PROMPT: Reproduce the listing exactly, with no pictures in your copy.

GIVEN INFORMATION:
========================
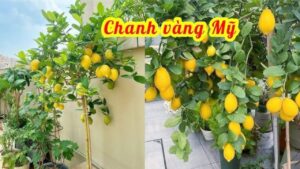 cach trong cay chanh vang sai triu qua cuc don gian 141927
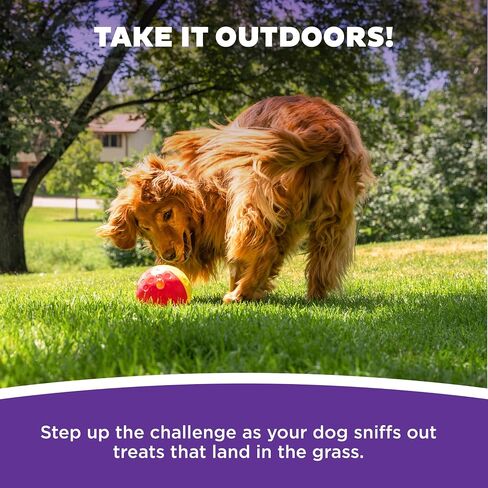 Outward Hound by Planet Dog Snoop Interactive Treat Dispensing Dog Toy, Large, Blue in Kuwait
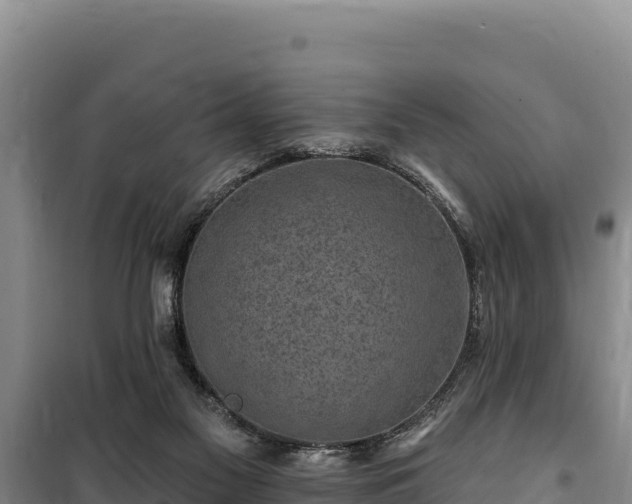 X0000100210117200806061355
========================
REPLY TO THE EXERCISE:
 cach trong cay chanh vang sai triu qua cuc don gian 141927
 Outward Hound by Planet Dog Snoop Interactive Treat Dispensing Dog Toy, Large, Blue in Kuwait
 X0000100210117200806061355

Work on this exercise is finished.